Understanding query timeouts in prometheus

Prometheus has some safeguards around queries. In particular, there are two limits you can hit: the query timeout and the max samples limit.

Today, we will explore query timeouts. What you should look for after you hit that issue, how to know when it can happen, and how to find the slow queries.

The symptoms

The error message when hitting the timeout is as follows:

$ curl http://127.0.0.1/api/1/query?query=up
{"status":"error","errorType":"timeout","error":"query timed out in expression
evaluation"}

It however only means that the current query could not finish in time. This can be because the query is effectively too long to execute, or it can be that the PromQL engine is overloaded.

Prometheus has a default timeout of two minutes for the queries but will additionally only execute up to 20 expressions at the same time. Expressions started by the consoles, the web API, or the recording rules all count towards that limit.

These settings are controlled by command line flags, so they can not be changed online.
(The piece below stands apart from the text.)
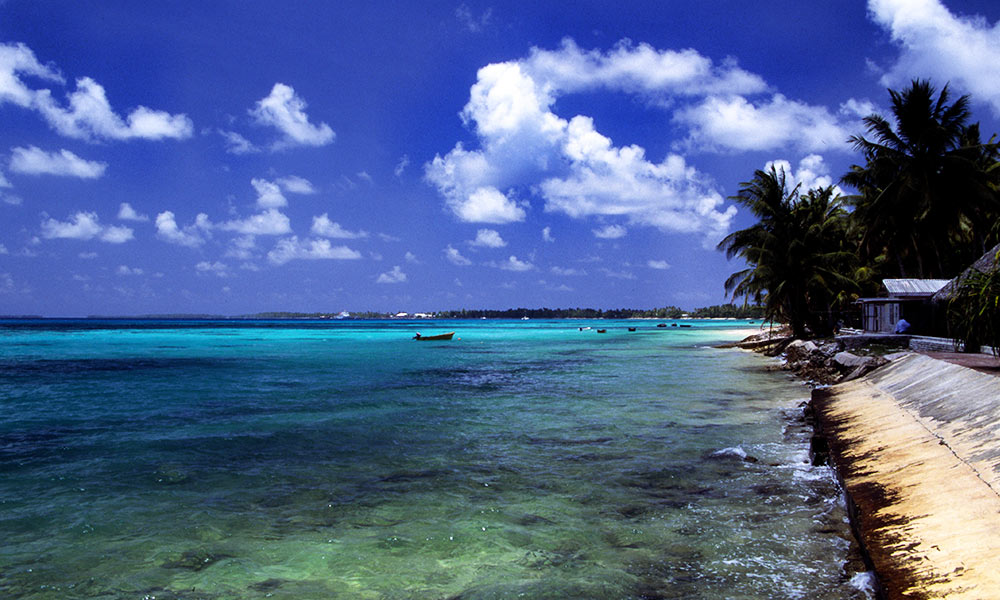 A beach at Funafuti atoll, Tuvalu, on a sunny day CC BY 2.0 Stefan Lins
The default limits should be good for almost all of the scenarios.

Metrics

There are a few interesting metrics to find out if your Prometheus is overloaded.

First of all, you can have a look at:

  • prometheus_engine_queries
  • prometheus_engine_queries_concurrent_max

If prometheus_engine_queries is greater than prometheus_engine_queries_concurrent_max, it means that some queries are queued. The queue time is part of the two-minute default timeout.

This is an image

  • prometheus_rule_group_last_duration_seconds will tell you the last duration of each one of your groups in seconds.
  • prometheus_rule_group_iterations_missed_total grows when a group takes longer than its evaluation interval to run. If that metric increases, then you will want to lower your group evaluation interval or revisit your PromQL expressions.

The query logs

Prometheus has two distinct query logs. One of them, the active query log, is mandatory and can not be disabled. The active query log’s primary goal is to print the requests at the startup of Prometheus. These requests were in flight when Prometheus did exit. This is useful to see which requests where executed e.g. upon an Out-Of-Memory error:

component=activeQueryTracker msg=“These queries didn’t finish in prometheus’ last run:” queries=”[{\“query\”:\“{job=~\\“.+\\“}\“,\“timestamp_sec\”:1583790390}]”

The active query log is a file called queries.active in the data directory. Which means that you can also access it when Prometheus is operating to see which queries are in flight:

$ cat data/queries.active
[{"query":"{job=~\".+\"}","timestamp_sec":1583790553},

The second query log will log every query that is run by the engine into a file. This query log is disabled by default and must be enabled by using the query_log_file global option.

global:
  scrape_interval:     15s
  evaluation_interval: 15s
  query_log_file: /prometheus/query.log
scrape_configs:
- job_name: 'prometheus'
  static_configs:
  - targets: ['localhost:9090']

There is an extensive user guide on the Prometheus website about query logs explaining it in more detail. The important part is that each query log line will report a set of counters to help you understand the timings of the queries:

execTotalTime will be the overall time the query took, including execQueueTime. The actual query evaluation time is evalTotalTime.

The summary metric prometheus_engine_query_duration_seconds also exposes those counters with different quantiles:

This is an image

With these three timers, you will likely be able to identify slow queries easily, with a tool like jq:

$ jq 'select(.stats.timings.execTotalTime > 1)' < query.log
{
  "params": {
    "end": "2020-03-09T22:04:44.318Z",
    "query": "avg_over_time(rate(http_requests_total[30d])[10d:])",
    "start": "2020-03-09T22:04:44.318Z",
    "step": 0
  },
  "ruleGroup": {
    "file": "rules.yml",
    "name": "httprate"
  },
  "stats": {
    "timings": {
      "evalTotalTime": 1.000208417,
      "resultSortTime": 0,
      "queryPreparationTime": 1.1604e-05,
      "innerEvalTime": 7.257e-06,
      "execQueueTime": 7.66e-06,
      "execTotalTime": 1.000223386
    }
  },
  "ts": "2020-03-09T22:04:45.365Z"
}

Conclusion

Query timeouts in PromQL have multiple possible causes, but the recent additions of query logs will help you find the slow queries. Those two query logs are supplementary and serve both of them their purpose.